▶ **To do**
Nothing but the lines below, from the first through the line containing "Sweat Smile and", should be set down, each one exactly and without pictures.

▶ **Available data**
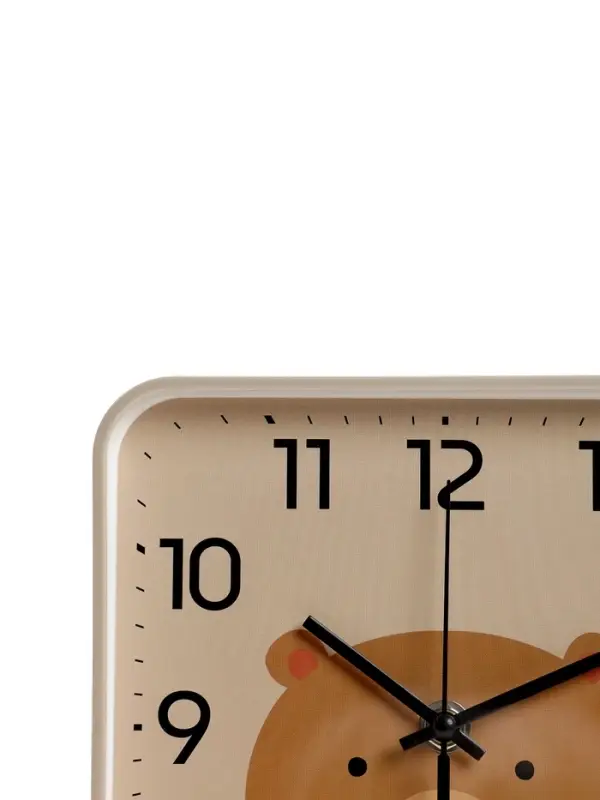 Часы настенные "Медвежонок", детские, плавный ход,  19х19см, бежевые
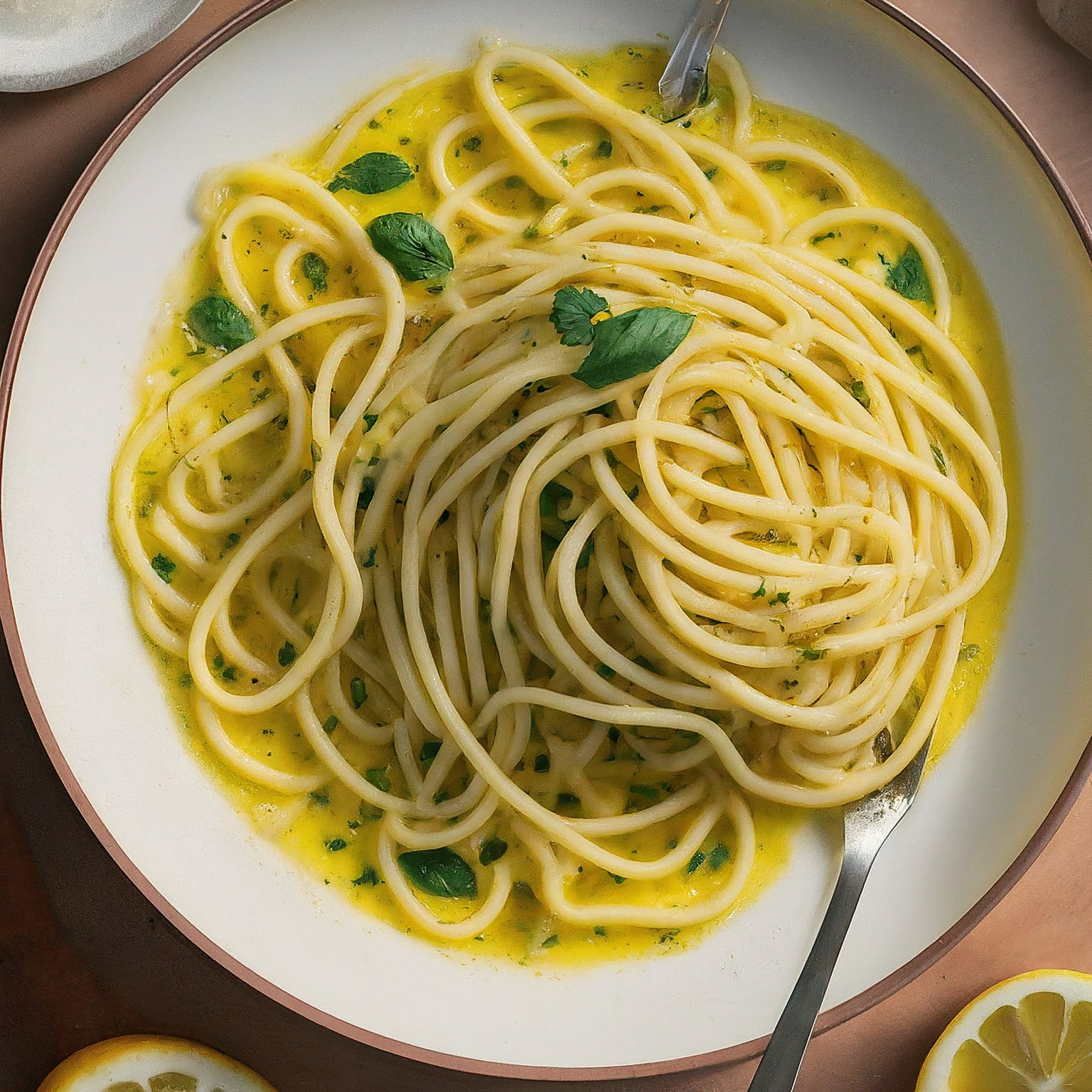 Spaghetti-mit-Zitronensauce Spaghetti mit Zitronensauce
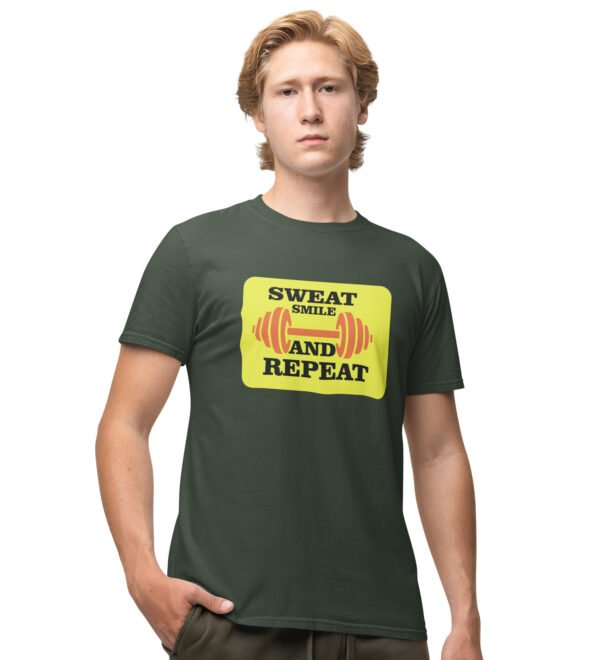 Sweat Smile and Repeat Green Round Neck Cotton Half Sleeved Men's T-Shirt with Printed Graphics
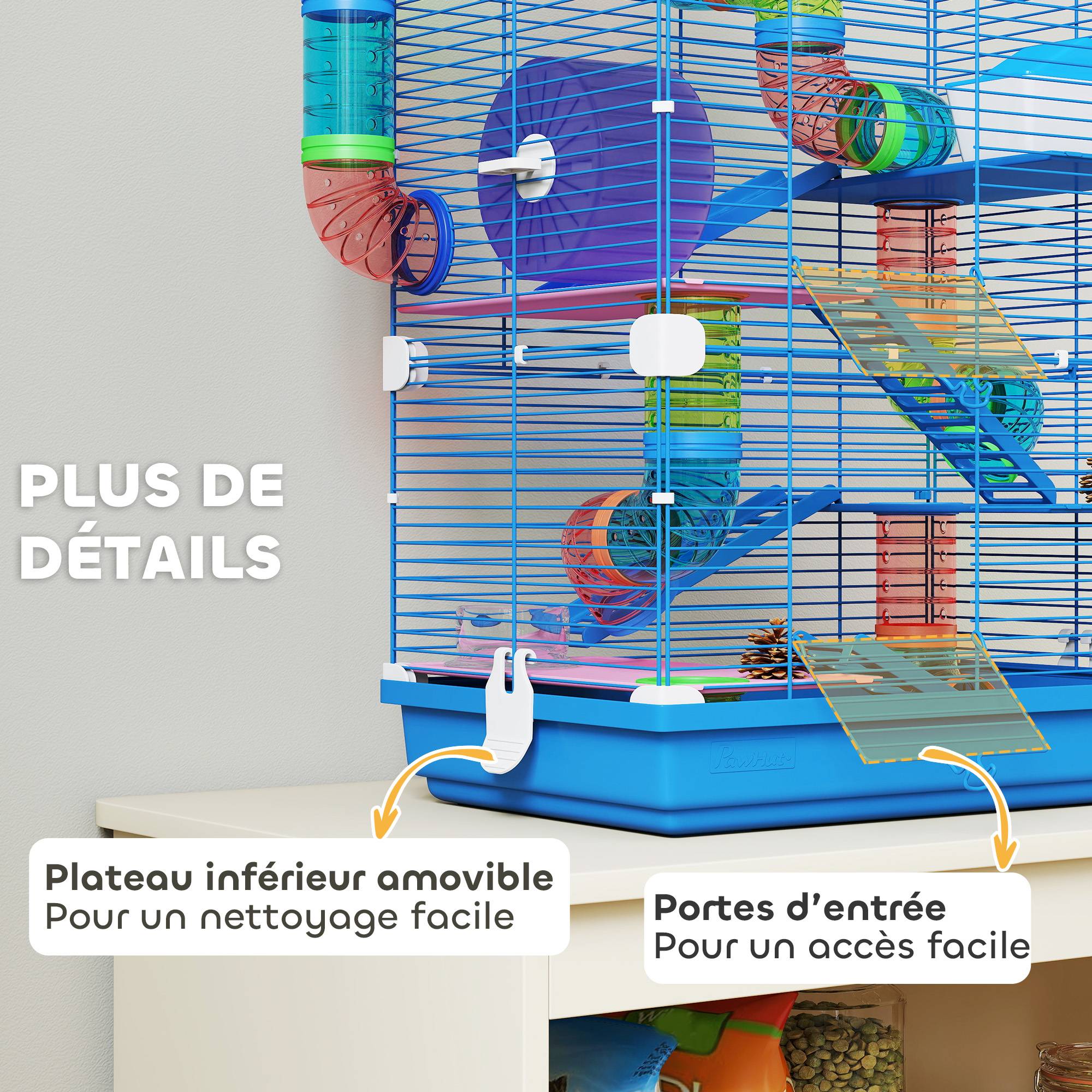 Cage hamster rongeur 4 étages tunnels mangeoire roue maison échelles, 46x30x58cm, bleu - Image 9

▶ **Result of this exercise**
 Часы настенные "Медвежонок", детские, плавный ход,  19х19см, бежевые
 Spaghetti-mit-Zitronensauce Spaghetti mit Zitronensauce
 Sweat Smile and Repeat Green Round Neck Cotton Half Sleeved Men's T-Shirt with Printed Graphics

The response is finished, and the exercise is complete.